Short text fragments from websites:
=== Begin Enclosure ===

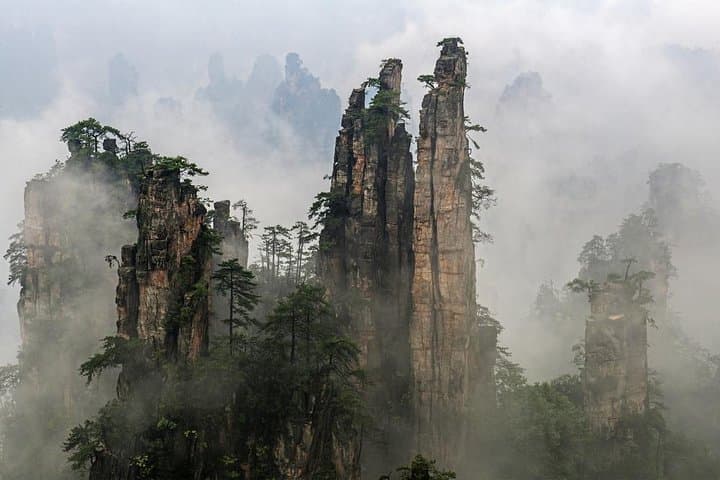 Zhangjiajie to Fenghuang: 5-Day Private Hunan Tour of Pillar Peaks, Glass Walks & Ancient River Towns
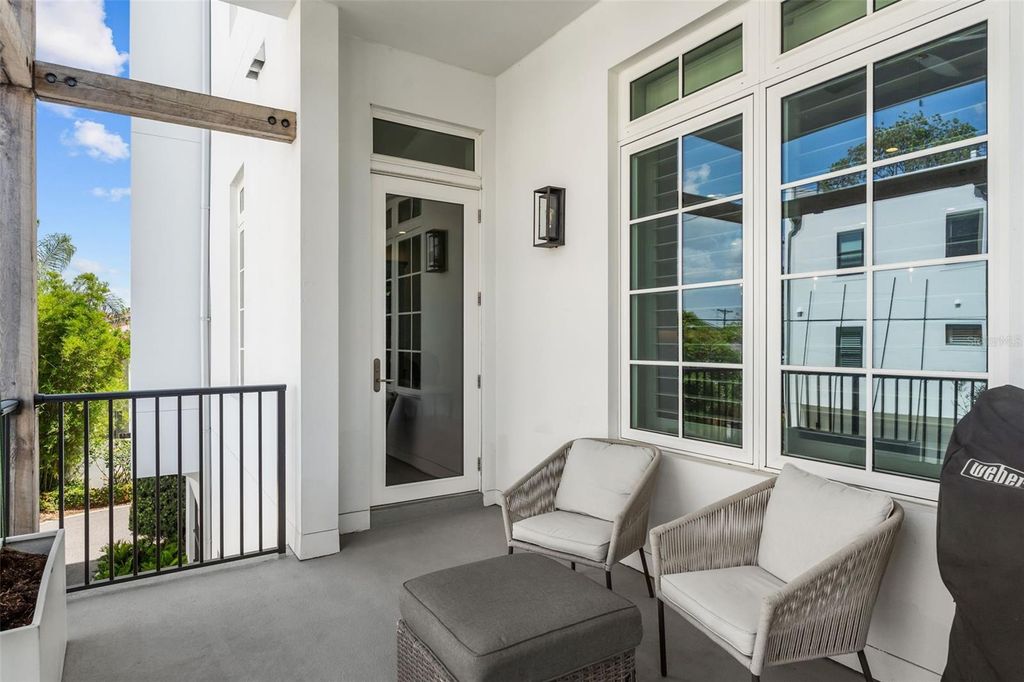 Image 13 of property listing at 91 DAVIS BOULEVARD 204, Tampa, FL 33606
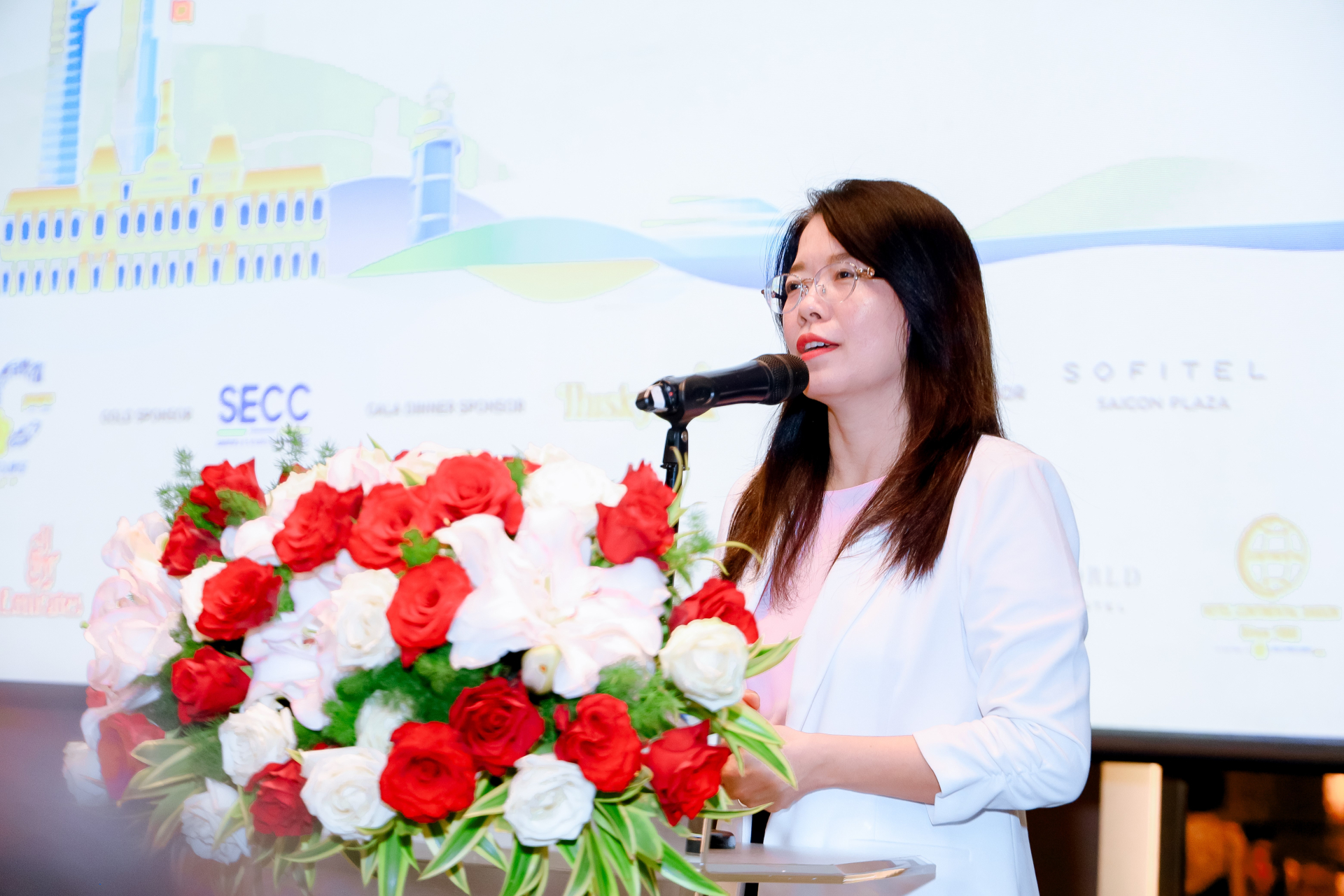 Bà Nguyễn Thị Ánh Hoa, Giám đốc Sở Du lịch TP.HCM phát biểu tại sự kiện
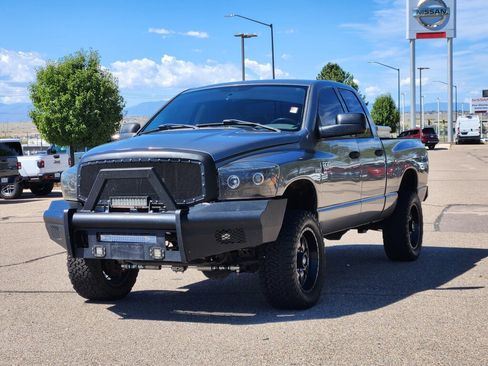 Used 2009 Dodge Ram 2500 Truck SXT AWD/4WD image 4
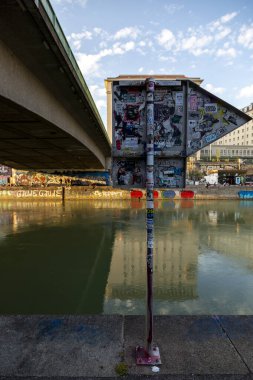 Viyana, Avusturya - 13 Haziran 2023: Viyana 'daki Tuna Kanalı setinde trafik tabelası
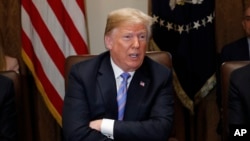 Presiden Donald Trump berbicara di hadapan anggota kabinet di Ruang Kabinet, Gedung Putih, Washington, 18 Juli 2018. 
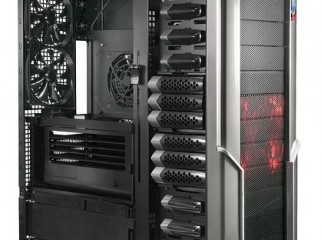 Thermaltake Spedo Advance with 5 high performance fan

=== End Enclosure ===

Please print the span that begins at the line holding "Presiden Donald Trump" and ends at the last line of the data, both ends included, with no pictures.

> [Result of this task]:
 Presiden Donald Trump berbicara di hadapan anggota kabinet di Ruang Kabinet, Gedung Putih, Washington, 18 Juli 2018. 
 Thermaltake Spedo Advance with 5 high performance fan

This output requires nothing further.